Özgürlük Hareketi, 3. Dünya Savaşı’nın emperyalist müdahaleciliğinin ortasında aslî devrimci güç olarak yeni episteme ve yöntem arayışına girdi. Bunun sonucunda burjuva ideolojisinin -modernitenin- içerisinden çıkan 3. Yol kavramına da yeni bir öznellik içerdi. Özgürlük Hareketi'nin önderliği ve teorisyeni olarak Abdullah Öcalan, ideolojik arka planı olarak öncellikle Kapitalist Modernite ve onun araçlarına karşı bir ezilenlerin tarihsel hafıza, zafer - yenilgi ve birikiminden arta kalan yöntemleri 21. Yüzyılda programatize ederek Demokratik Modernite’yi inşa etti. Demokratik Modernite ve Kapitalist Modernite taban tabana zıt ideolojik öznellikler olsa da mistifikasyon veya dezenformasyona uğratılarak birbirine yakın şeylermiş gibi sunulabiliyor. Modernitenin yetkin savunucusu ve 3. Yol’un burjuva anlamını teorize eden Anthony Giddens için Sayın Öcalan Kapitalist Uygarlık kitabında şöyle bir değerlendirme yapar: "Kurnaz İngiliz sosyologu Antony Giddens, modernitenin üç süreksizliğinden bahseder: Kapitalist üretim biçimi, ulus-devlet ve endüstri. Giddens moderniteyi bu üç ayakla tanımlarken görünüşte gerçekçidir.Fakat sanırım bu paradigmayla özünde kapitalizmi anayurdunda kurtarma savaşının yeni bir aşamasının teorisyenliğini yaptığının farkındadır. Kapitalizmin değişerek sonsuz kılınmasının teorisi olan liberalizmin sağ tarzı ‘tarihin sonu’ ideası, liberalizmin sol tarzı sonsuzluğu ideasıyla birlikte bir kez daha beyinlere sızdırılmak isteniyor. Son kapitalist küresel hamleyle birlikte."
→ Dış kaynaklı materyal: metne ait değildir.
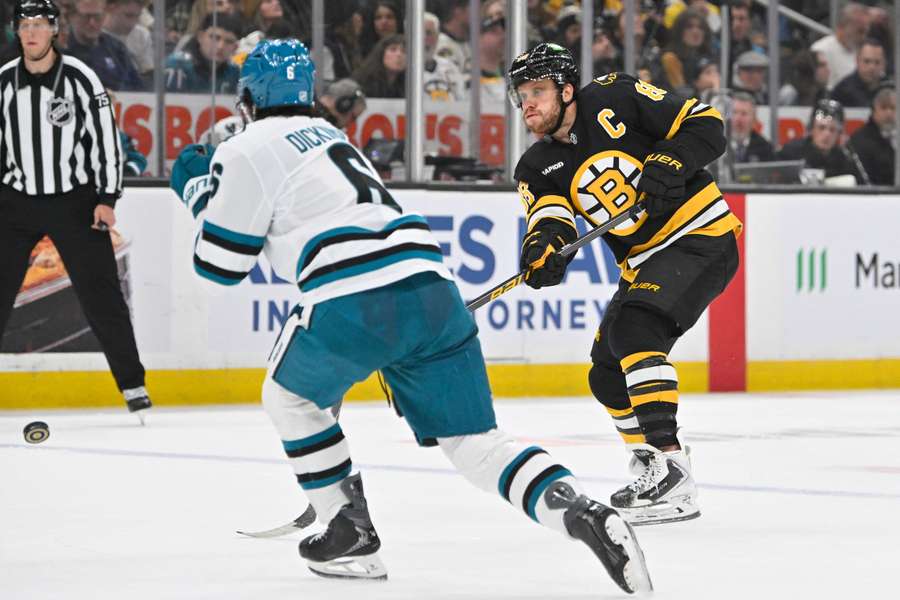 Pastrňák pomohl Bostonu gólem k výhře nad San Jose. Pastrňák pomohl Bostonu gólem k výhře nad San Jose.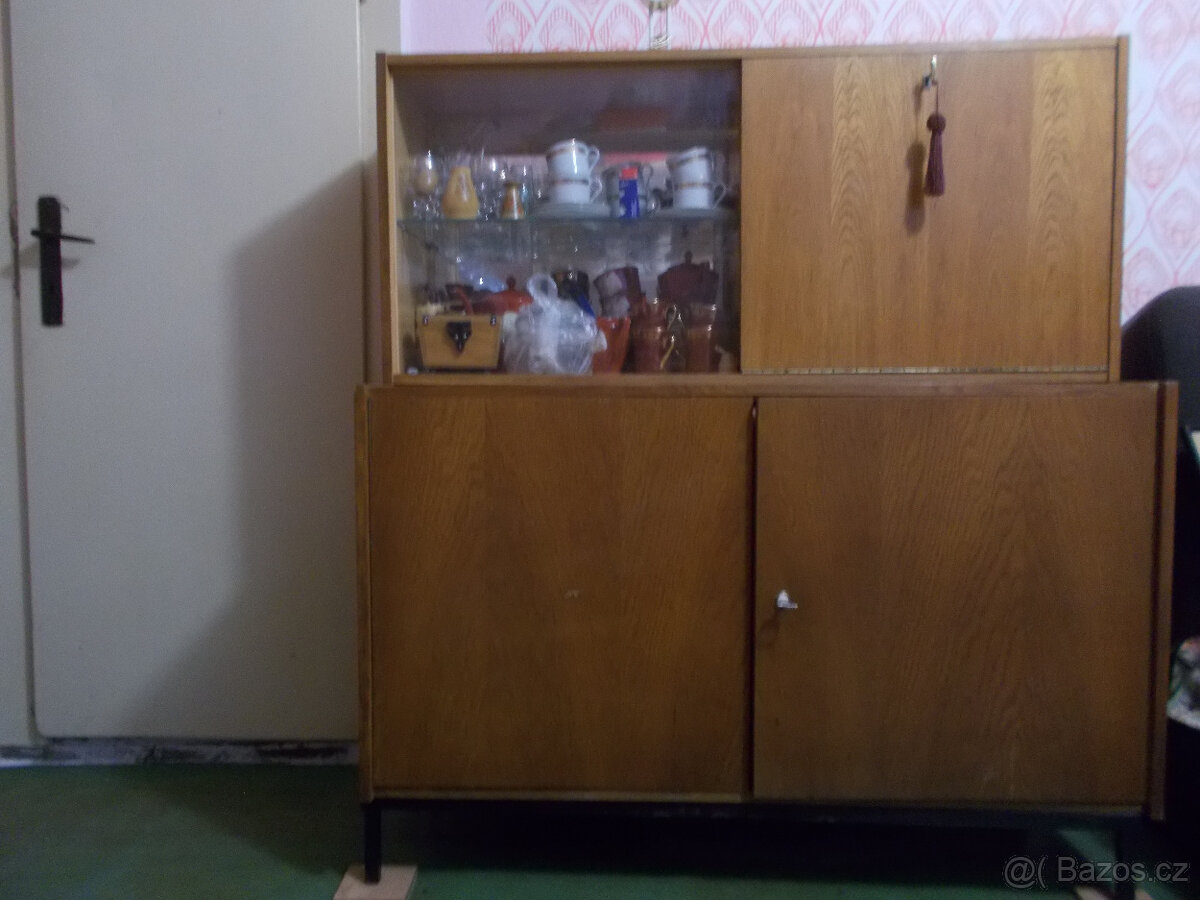 Prodej sekretáře. - 3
Sayın Öcalan Giddens'in ulus devlet ve modernlik değerlendirmelerine çekimser şekilde kısmi olarak katılırken, modernitenin üretimi ve kapitalist restorasyona katkıları ve pozitivist sosyoloji üretmeleri bakımından Giddens ve benzerlerinin uygarlık okumalarını vasat altı bularak sosyoloji yapamadıklarını ifade eder.
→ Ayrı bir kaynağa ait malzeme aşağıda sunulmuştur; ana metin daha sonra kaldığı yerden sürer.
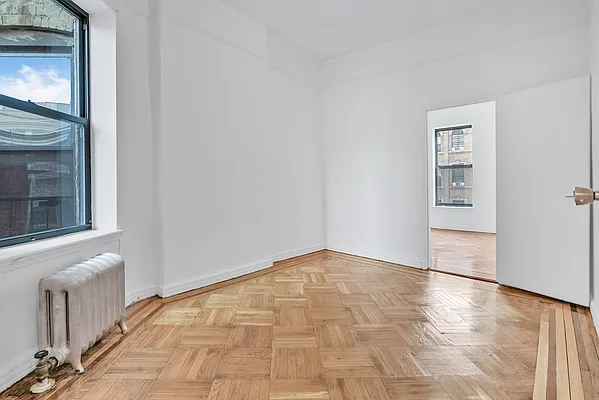 Rented by Brownstone Property Group | media 30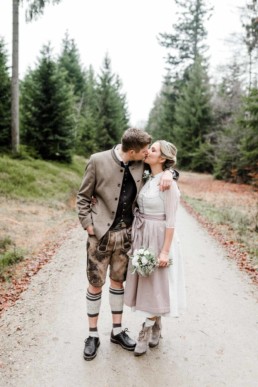 Shooting zur standesamtlichen Hochzeit im bayerischen Wald, natürliche Hochzeitsfotografie von Veronika Anna Fotografie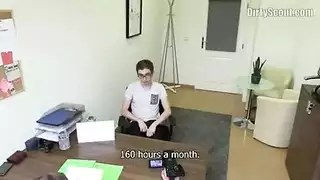 زوجة مديره في العمل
Kısacası Sayın Öcalan'ın Demokratik Modernite paradigması Anthony Giddens ve türevi sosyal demokrasi namına moderniteye cilalar çeken sosyolog, teorisyenlerden çok uzaktadır. Bu açı 3. Yol’un burjuva içeriğinin arka planı olarak modernitenin üretimi noktasında Özgürlük Hareketi özgülünde liberal sağ ve sol sapmaların bizatihi ideolojik karşıtlık olduğunun ifadesidir.